Stamford, CT – The combination of macroeconomic volatility, slow economic growth, historically low interest rates, and further increasing know your customer (KYC) requirements has made for a tough market for corporate banks in Europe. However, in recent months these factors have also created valuable opportunities for banks capable of helping large companies navigate today’s difficult conditions by adjusting to market dislocations, avoiding the impact of negative rates and managing KYC provisions.
The 2020 Greenwich Share and Quality Leaders in European Large Corporate Banking are capitalising on these opportunities to forge deeper relationships with the biggest companies in the region and to create a source of revenue growth in an otherwise flat market by capturing business from rivals.
At the top of the list of this year’s winners is BNP Paribas, which leads the market in penetration among large European corporates by a wide margin, followed by HSBC and UniCredit. Citi and Deutsche Bank round out the list of winners. UniCredit takes the title of 2020 Greenwich Quality Leader in European Corporate Banking.
The same macroeconomic volatility that is cutting into global trade is triggering demand for cross-border banking services. For example, the share of large European companies using a provider for cross-border banking services within Western Europe increased to 80% in 2019 from 77% in 2018, while the share using banking services into Asia ticked up to 52% from 50%.

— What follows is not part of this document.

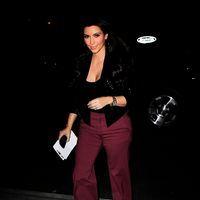 Kim Kardashian smiling while on her way to visit friend Jonathan Cheban | Picture 107214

The biggest beneficiaries of this demand have been the biggest global banks, such as Citi, HSBC, BNP Paribas, J.P. Morgan, Bank of America, and Deutsche Bank, which often are the only providers with on-the-ground expertise and networks across all the countries in which a large company operates.
When the European Central Bank first introduced negative interest rates, large European companies were largely insulated from the impact because many banks decided to absorb the costs associated with holding cash deposits in the name of preserving client relationships. Generally, banks and companies alike expected negative rates would be a passing phase. Six year later, negative interest rates are the new normal.
As more companies are forced to incur costs associated with cash deposits, the ability to help clients avoid this new expense is emerging as a key skill for corporate banks. Companies are turning to banks with the expertise and technical skills in cash management to minimise or even eliminate any costs from negative rates. “This new environment is highlighting the capabilities of banks that have developed sophisticated, digital cash-management platforms capable of achieving the transparency and timeliness needed to zero out cash positions on an ongoing basis,” says Greenwich Associates Managing Director Dr. Tobias Miarka.